Competition Heats Up
Certain instances make inputting information downright difficult: Maybe your hands are not free, or you are working with a small device, like a cell phone. In such cases, a voice recognition system would make inputting data easier. A person could look up information about local businesses, sports scores, driving directions, flight itineraries, stock quotes, or updated weather reports, and the response could be sent as a digital image, text message, or even spoken back to the user. Ideally, such a system would adapt to the unique aspects of each user’s voice over time through a built-in feedback system.
In addition to the benefits offered to consumers, companies could use voice input to make their e-commerce sites more appealing, and call center agents could rely on it to find needed information faster.
That is the promise of voice search, which has garnered interest from the computer industry’s most influential companies, namely Google, Microsoft, Apple, and Yahoo!. In addition, speech recognition suppliers, such as Novauris, Nuance Communications, and Vlingo, have been busily building new voice search products. Cellular carriers, such as AT&T and Verizon, have been dabbling with the technology, and even car companies, such as Kia and Ford, have been integrating these features into their vehicles (see “Voice Search Takes to the Highway"). “Eventually voice will become more than just a way to perform functions, such as search; it will become a general-purpose interface to information stored on a number of different devices,” predicts Mike Phillips, co-founder and chief technology officer at Vlingo.
While there has been a great deal of interest in this area, the technology is still in a nascent state of development. The number of implementations has been small, with most systems in V1 iterations for a few select applications. Voice search systems face challenges, such as improving their accuracy rates and providing more satisfying user experiences. The work needed to deliver functional voice search systems is complex and costly, and the various parties have found it challenging to determine how to monetize their investments. None of these hurdles are insurmountable, but right now no one is sure how—let alone when—they will be resolved.
Much of the early focus in the voice search arena has been centered on mobile phones, primarily because the 4 billion handsets in use today represent an alluring target. Convenience—or, rather, inconvenience—is another driver. “The keyboards available with cell phones are not easy to use,” notes Mike Thompson, senior vice president and general manager at Nuance Mobile. Voice input could make input less arduous.
When it comes to search, Google has the most significant mindshare: It’s already the top Internet search provider, and no doubt it wants to become a top voice search supplier as well. “Google has and will continue to expend significant money and resources to make sure its voice search features work,” predicts Stephen Arnold, managing partner at ArnoldIT.com.

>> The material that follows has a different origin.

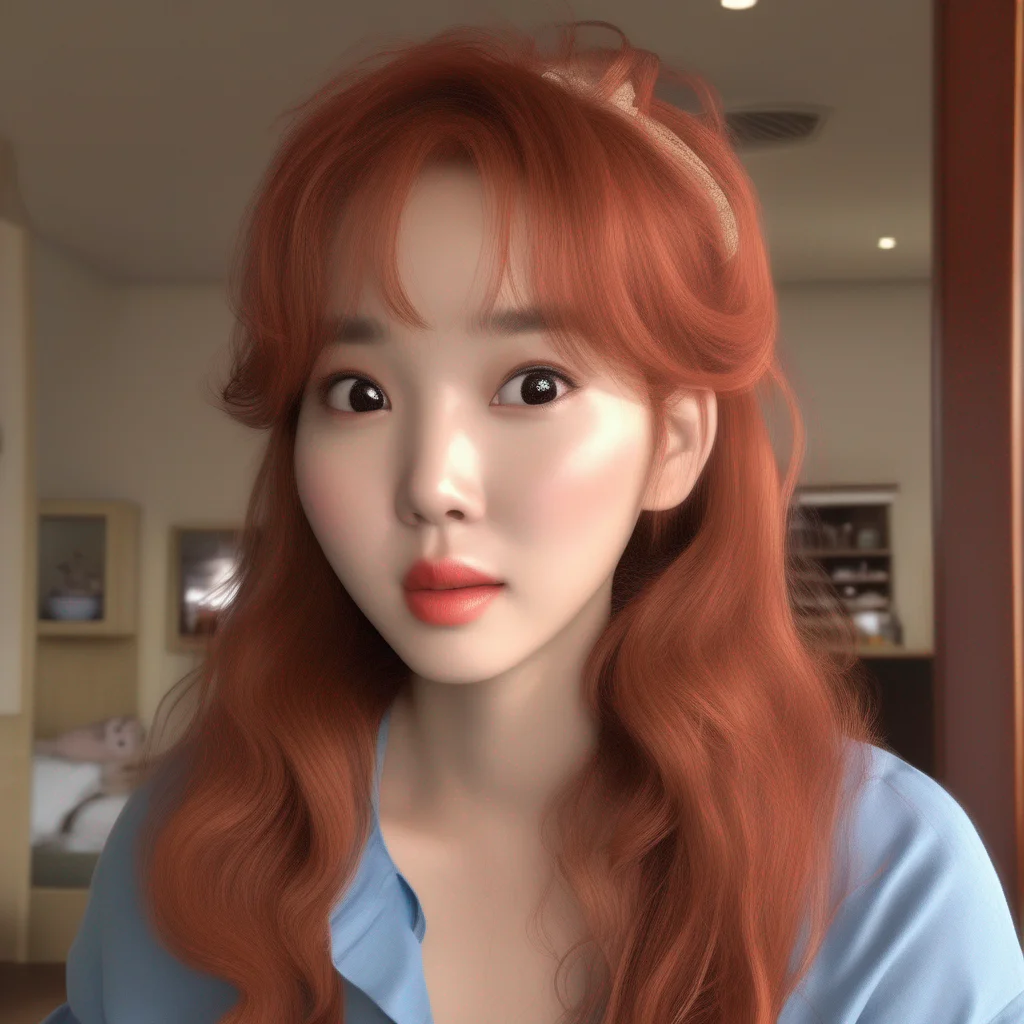 Wendy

Google co-founders Larry Page and Sergey Brin have filed a number of voice search patents. Google’s Mobile App, which runs on its own Android mobile phone operating platform, as well as BlackBerry and iPhone devices, relies on proprietary voice recognition technology to convert spoken questions into Web searches. With Google’s voice application, a user can bring the phone to his ear to activate the voice prompt.
Google’s initial focus has been on local search. If a consumer needs to locate the nearest coffee shop, then he would ask, Where is the closest Starbucks? and Google Search would produce results. A second thrust is integrating the voice search functions with Google Maps so the search function could identify pizza parlors in San Francisco, and then the mapping function could identify the caller’s location and provide turn-by-turn directions to get to the nearest one. Such capabilities are in an early stage of development and available on Android and select BlackBerry mobile devices. The mapping service now works only with English, but Google plans to add more languages.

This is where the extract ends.